Polgara a longuement témoigné autour du sexisme et de la toxicité dans le jeu de société, mais aussi du mouvement Women In Boardgames, au cours de son passage chez Un Monde de jeux.
Cela fait quelques jours que le sujet du sexisme et de la toxicité dans le secteur ludique, surtout depuis l’article sur le blog de Polgara, fait l’actualité. Nous évoquions même l’ouverture d’une plateforme pour accueillir tous les témoignages possibles, et servir de soutien aux victimes de comportements sexistes dans le monde du jeu. C’est alors qu’est née une volonté de créer un mouvement Women In Boardgames, à l’instar de ce qui se fait dans le jeu vidéo avec Women in Games. D’ailleurs, on a vu beaucoup de solidarité de leur part sur les réseaux sociaux.
Par ailleurs, ce mouvement Women In Boardgames a engendré beaucoup de réactions et de questions. Pour y répondre et apporter plus de clarté à son action, Polgara a profité d’une tribune offerte par Martin dans son émission Un Monde de jeux. Voici ce qu’il fallait retenir.

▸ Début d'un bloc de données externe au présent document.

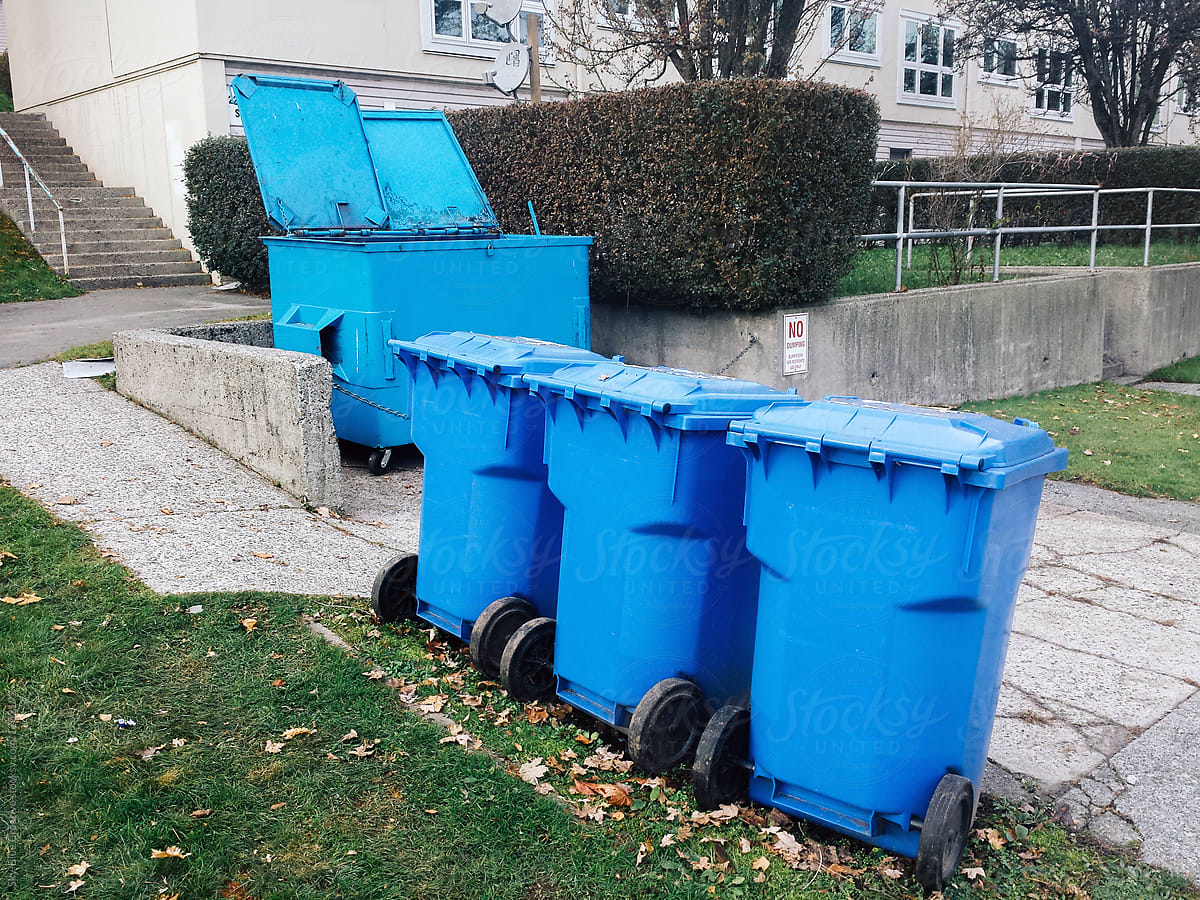 Blue trash bins in a row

Autour de la toxicité environnante :
On a constaté qu’il y avait des problèmes récurrents de sexisme et de toxicité tels que du harcèlement, de la drague très lourde et très insistante, des remarques infantilisantes. Par exemple, « t’es sûre que tu comprends les règles du jeu ? » systématiquement dits aux filles et rarement aux garçons. Toutes ces petites remarques et réflexions qui ne sont pas méchantes à la base… Le paternalisme est un sexisme gentil. On ferme tous les yeux sur ces dérives et ces comportements, pour ne pas « casser l’ambiance ». Des femmes vont subir ces comportements cumulés au quotidien, dans leur cadre professionnel. Cela devient alors du harcèlement.
Le secteur paraît très inclusif et bienveillant, mais le ressenti est tout autre pour les personnes racisées ou homosexuelles. Il existe un décalage entre le ressenti de la classe dominante (des hommes blancs hétérosexuels) et le ressenti de ceux qui ne le sont pas. Il n’y a pas de raison que le secteur ludique soit épargné par toutes les intolérances de la société (racisme, transphobie, etc.).

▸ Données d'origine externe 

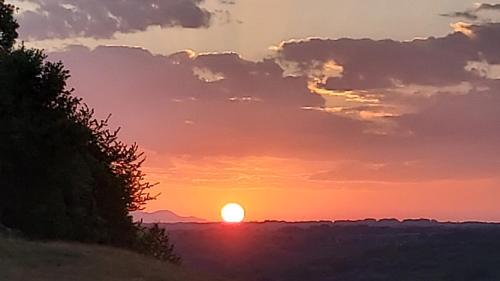 a sunset with the sun in the sky at La Covatilla III in La Hoya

Sur la plateforme de soutien et le pourquoi du serveur non mixte :
L’idée est de donner un lieu d’écoute, on a donc choisi un serveur Discord. C’est un lieu d’écoute, de partage et de soutien, sans subir des jugements de valeur. Ce n’est pas un lieu où l’on recueille des témoignages en vue de faire des actions en justice. On veut aussi créer un cadre informel, une « place safe », car on ne peut aller sur ce Discord librement.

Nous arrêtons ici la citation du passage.